译（五十八）-Pytorch dataloader中worker数的工作原理

MWHLS • 2022/04/30 pm7:13 • Python, Pytorch, 计算机语言

已阅： 138

stackoverflow热门问题目录
如有翻译问题欢迎评论指出，谢谢。
这篇确实只有一个回答。

PyTorch dataloader 里的 worker 数的工作原理是什么？

How does the number of workers parameter in PyTorch dataloader actually work?

PyTorch dataloader 里的 worker 数的工作原理是什么？

floyd asked:
1. 如果 num_workers 是 2，是不是意味着两个 batch 被送入内存，其中一个被送入 GPU？或者是把三个送入内存，然后其中一个送入 GPU？
2. 当 num_workers 高于 CPU 核心时会怎样？我试了下但还是顺利执行了，到底发生了什么？
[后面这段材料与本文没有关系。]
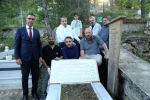 Hattat Muhittin Tanır’a vefa: 70 yıl sonra ta’lik hatla yazılan mezar taşı dualarla kabrine konuldu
（我觉得 num_workers 最大应该是核心数）
3. 如果 num_workers 被设为 3 且在训练期间没有 batch 在 GPU 中，主进程会等待 workers 去读取 batch 还是不等待直接读取一个 batch？
Answers:
- Shihab Shahriar Khan - vote: 71
  1. 当 num_workers>0 时，只有这些 workers 会检索数据，主进程不会。所以当 num_workers=2 时，会有最多两个 workers 同时丢数据到内存，而不是三个。
  2. CPU 通常跑 100 个进程也不会有问题，worker 进程亦然。所以超过 CPU 核心的 num_workers 没问题。不过对于效率问题而言，这取决于你的 CPU 在其它任务上的消耗、CPU 性能、硬盘加载速度等。总之，性能问题受多因素影响，所以设置 num_workers 为 CPU 核心数就好，不要过多。
  3. 不会。DataLoader 不会随机返回当前内存中的可用数据，而是使用 batch_sampler 来决定接下来返回哪个 batch。每个 batch 被分配给一个 worker，主进程会等待直到 worker 检索到指定的 batch。
  - 还有一点，DataLoader 并不是用来发数据给 GPU 的，cuda() 才是。
  - 再次编辑：不要在 Datasets 的 __getitem__() 里面调用 cuda()，见 psarka 的评论。
    - 译者注：psarka 的评论：
      我延伸一下最后那句，在 Dataset 对象里调用 .cuda() 会让每个样本分开送给 GPU，而非以 batch 的形式送入，会产生大量开销，慎用。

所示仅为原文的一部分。